-- Material for this task follows --

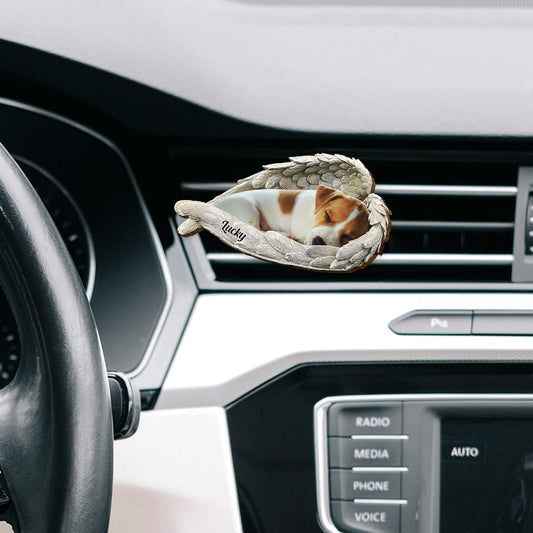 Sleeping Pet Within Angel Wings - Personalized Dog Shaped Car Visor Clip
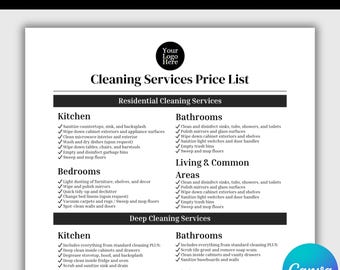 Cleaning Business Price List, Cleaning Service,Cleaning Price List Template,Cleaning Pricing, Price List Cleaning, Cleaning Service Template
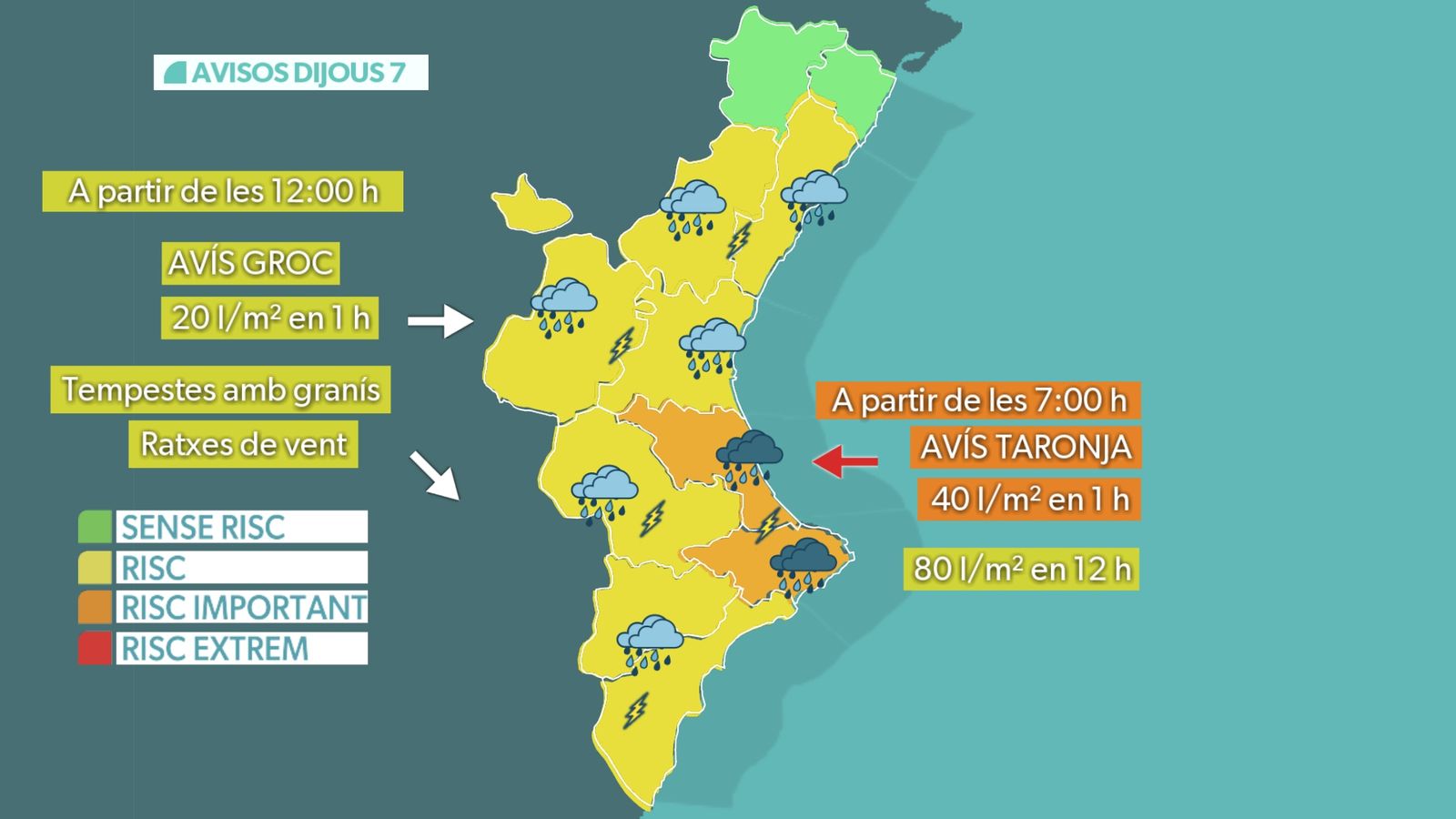 Mapa d'avisos per al dijous
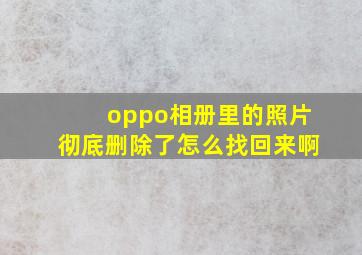 oppo相册里的照片彻底删除了怎么找回来啊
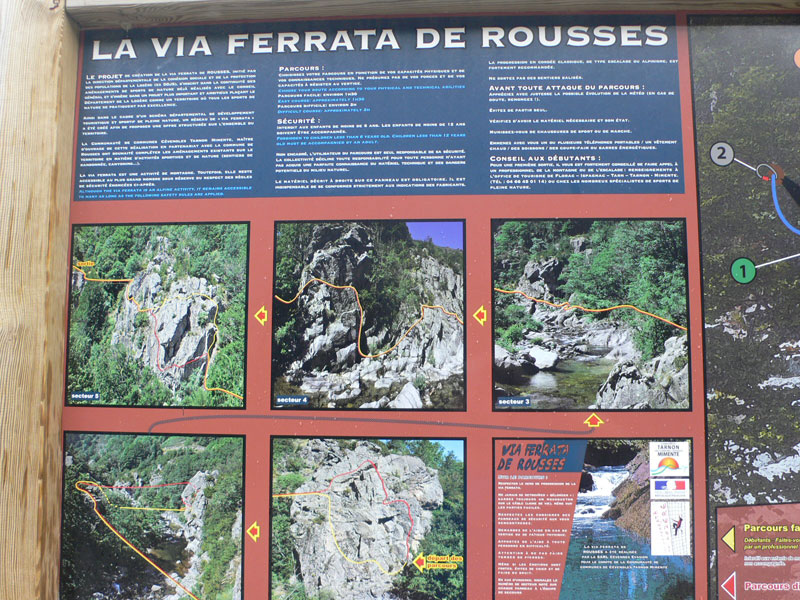 Croquis de la vía ferrata de Rousses 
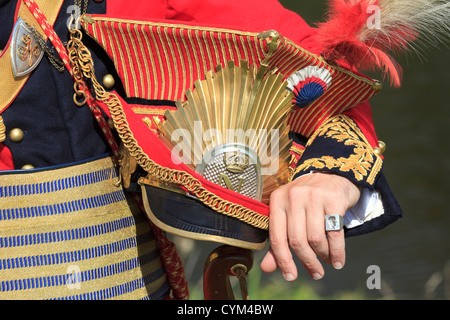 Le général français Pierre David de Colbert-Chabanais colonel des lanciers rouge à La Moskowa, Russie Banque D'Images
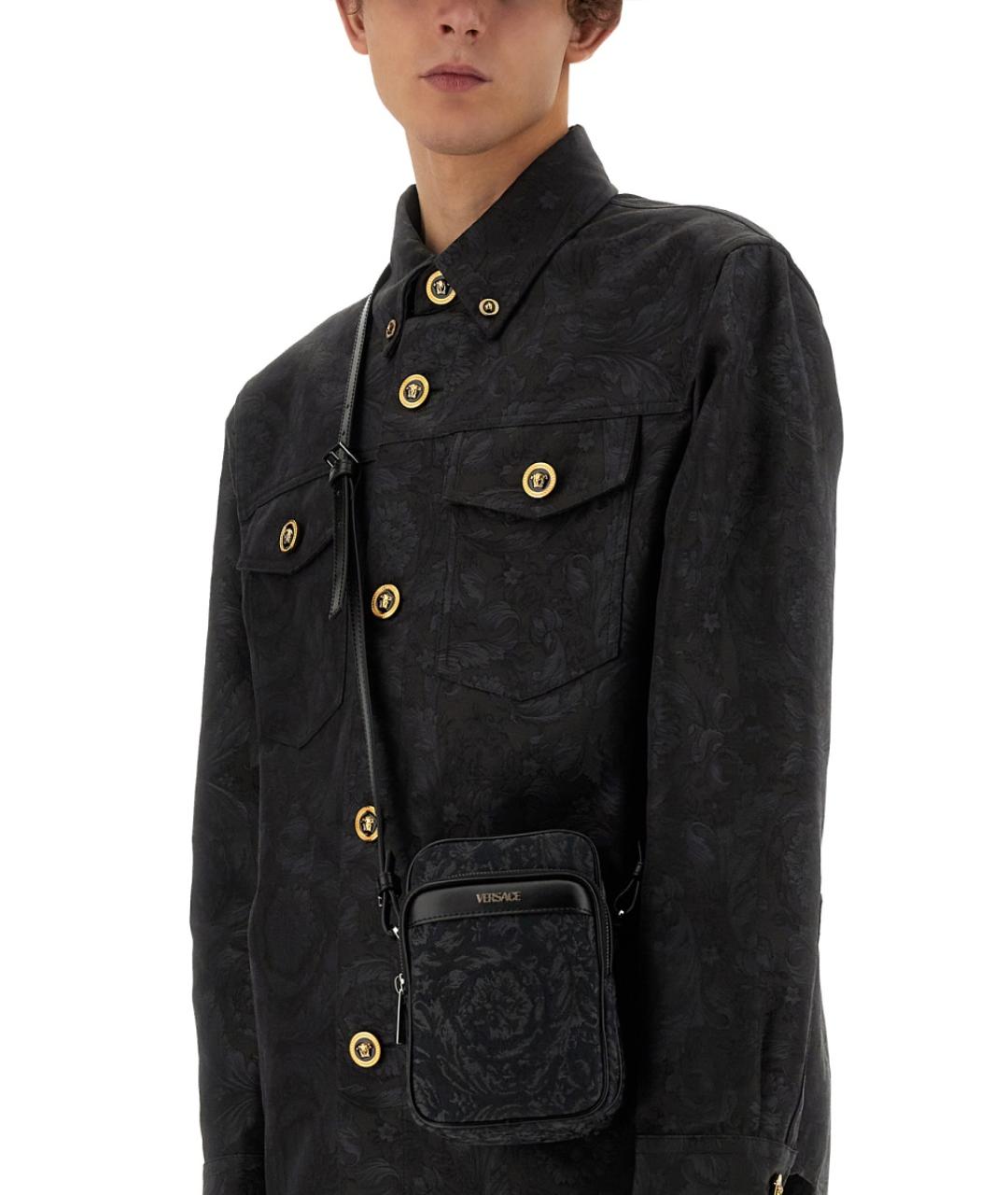 VERSACE Черная хлопковая кэжуал рубашка, фото 3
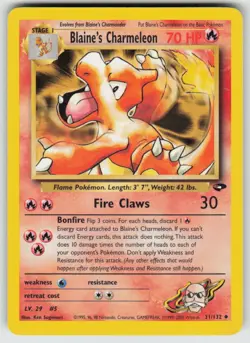Blaine's Charmeleon 31/132 Uncommon Gym Challenge Pokemon Unlimited HP - Image 1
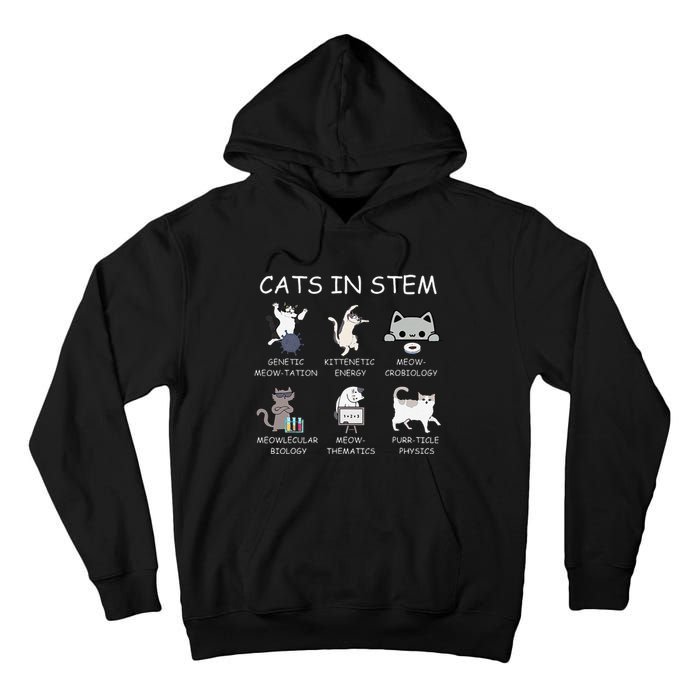 Funny Science Meme Cats In Stem Scientist Nerd Cat Lover Tall Hoodie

-- Material for this task concluded --

Your goal: Write down exactly the lines running from the line with "Blaine's Charmeleon 31/132" through the end of the material, both ends included, and none of the pictures.

Your solution:
Blaine's Charmeleon 31/132 Uncommon Gym Challenge Pokemon Unlimited HP - Image 1
 Funny Science Meme Cats In Stem Scientist Nerd Cat Lover Tall Hoodie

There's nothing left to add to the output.